En Vuelo nocturno, uno de los personajes comenta: “si la vida humana no tiene precio, nosotros obramos siempre como si alguna cosa sobrepasase, en valor, la vida humana”. Saint-Exupéry no era un hombre insensible, pero su experiencia como pionero del correo aéreo postal y como piloto de guerra le acercó a la idea de que algunas cosas sobrepasan el valor de la vida humana. Evidentemente, no se refería a cuestiones como la Revolución o la Raza, pero sí pensaba en el Progreso y la Libertad.

“Todos los hombres sueñan, pero no todos lo hacen del mismo modo”, escribió T. E. Lawrence. Los escritores quizás sueñan un poco más que el resto. Algunos se conforman con plasmar sus sueños en el papel. Otros, como Hemingway, Saint-Exupéry o Malraux trasladan sus sueños al mundo real con una fortuna desigual.

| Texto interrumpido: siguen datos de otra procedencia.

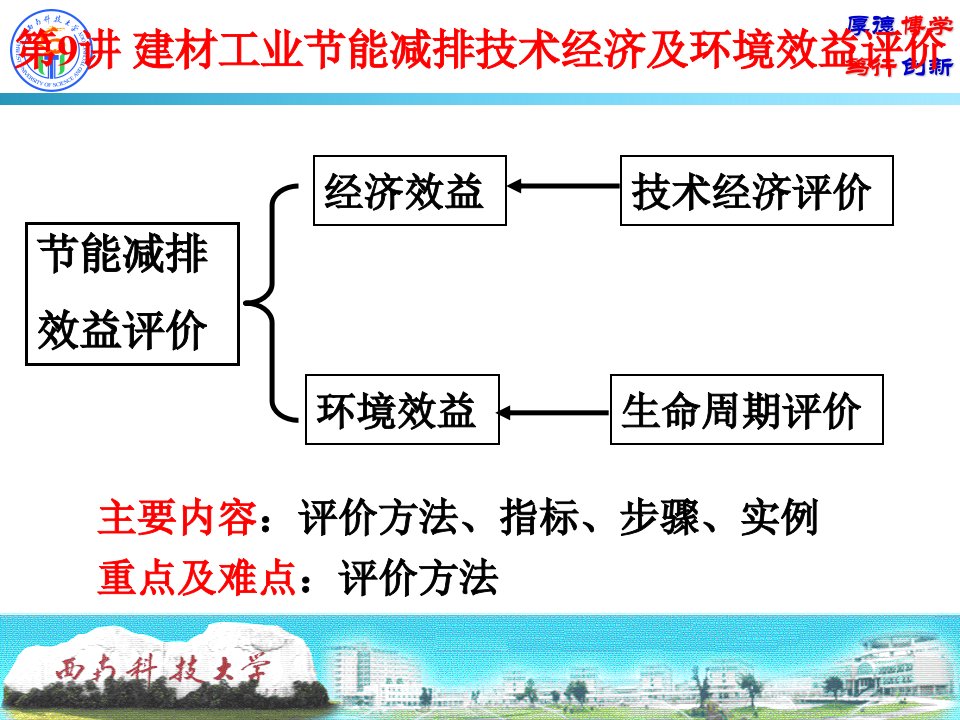 建材工业节能减排技术经济和环境效益分析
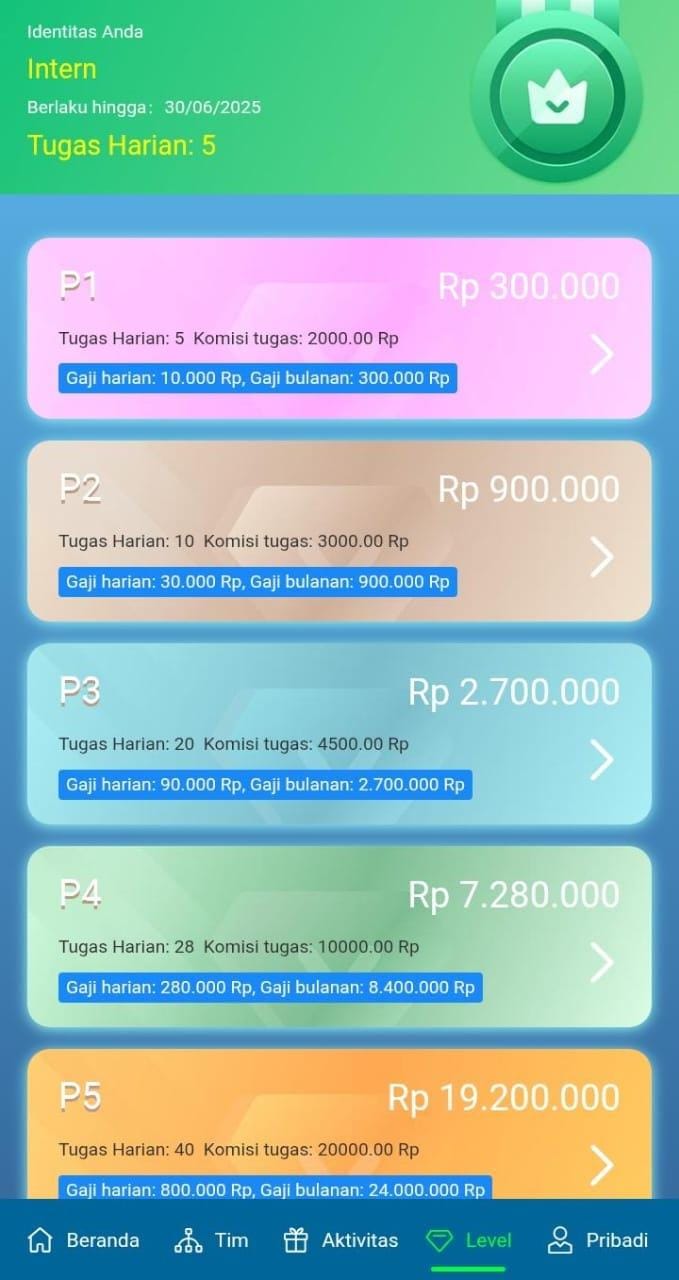 Aplikasi OMC Diduga Penipuan, Gasak Ratusan Juta Rupiah Para Korban di Cikarang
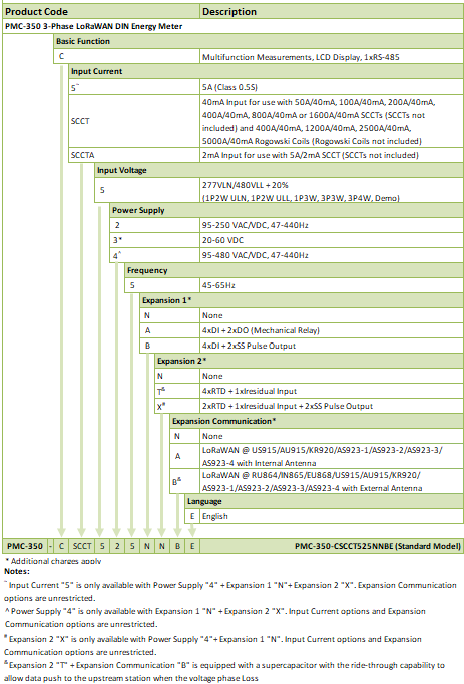 pmc-350-c ordering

Yo estoy más cerca de Baroja que de T. E. Lawrence, pero entiendo su atracción por el absoluto, quizás porque los dos tenemos un físico frágil y la vulnerabilidad suele fantasear con la fuerza. Mi biografía carece de hechos épicos, pero —como Borges— he leído peripecias asombrosas. Me conformo con eso. No me cuesta trabajo admitir que prefiero una mesa camilla con brasero —un artilugio que casi ha desaparecido a una magnífica aventura en los mares de China.